"Lease Versus Buy" Decisions Rarely, if Ever, Indicate Core Business Strategy

With the caveat that any firm involved in a commercial dispute with another firm will use all lawful tools at its disposal to get its way, sometimes language gets a little heated. Florida Power and Light, for example, has a rather normal dispute with Verizon about pole attachment rates.

Buyers and sellers have disagreed about rates for pole attachments or inaction on requests for as long as pole users have wanted access to utility or telephone poles.

But it goes too far when FPL attorneys suggest “Verizon has made clear that it intends to be out of the wireline business  within the next 10 years.”  The stated reason for that belief is that Verizon “no longer wants to be a pole owner.”  

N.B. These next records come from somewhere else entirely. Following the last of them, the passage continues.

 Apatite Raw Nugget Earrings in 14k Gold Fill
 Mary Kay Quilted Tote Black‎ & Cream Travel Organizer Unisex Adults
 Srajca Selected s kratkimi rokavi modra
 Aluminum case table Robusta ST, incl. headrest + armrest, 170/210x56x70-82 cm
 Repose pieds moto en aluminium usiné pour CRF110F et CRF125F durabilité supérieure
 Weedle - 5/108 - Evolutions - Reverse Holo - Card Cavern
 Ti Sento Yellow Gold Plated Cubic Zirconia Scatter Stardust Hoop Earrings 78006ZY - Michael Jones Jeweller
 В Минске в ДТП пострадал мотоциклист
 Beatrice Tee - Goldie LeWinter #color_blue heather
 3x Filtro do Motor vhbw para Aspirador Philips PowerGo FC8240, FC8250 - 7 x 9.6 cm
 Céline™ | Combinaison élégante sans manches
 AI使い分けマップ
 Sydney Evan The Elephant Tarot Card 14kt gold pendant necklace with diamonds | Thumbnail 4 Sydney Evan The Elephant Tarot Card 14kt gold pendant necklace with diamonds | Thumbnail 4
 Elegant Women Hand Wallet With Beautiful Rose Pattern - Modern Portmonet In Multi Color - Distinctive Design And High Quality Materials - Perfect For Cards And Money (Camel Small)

But Verizon has sold its tower network. Does that mean it does not want to be in the mobile business, or is that just a prudent business decision related to use of capital? Sprint, T-Mobile US  and AT&T  have made the same decisions.

Does anybody really believe any of those firms really wants to get out of the mobile business (with the exception of T-Mobile US, whose owners already have said they want to exit the U.S. market).

That is not to make any assumptions about what Verizon might prefer to do, long term, about any of its lines of business or assets. Some of us would make the argument that, most places in the world, one would choose to be in the mobile, rather than fixed networks business, if possible.

If a service provider decides to lease, rather than build, any particular asset, that is not a clear statement about its interest in competing in a particular line of business.

Many could speculate about what fixed network telcos might do, in the future. It wouldn’t be at all unusual to argue that the eventual course, for many companies, is to exit a business by selling assets. That is true for most small and independent U.S. telcos, both U.S. satellite video companies, nearly all application providers and most equipment suppliers as well.

The point is that, in and of itself, leasing an asset instead of building does not necessarily or even usually provide clues about a firm’s interest in a business.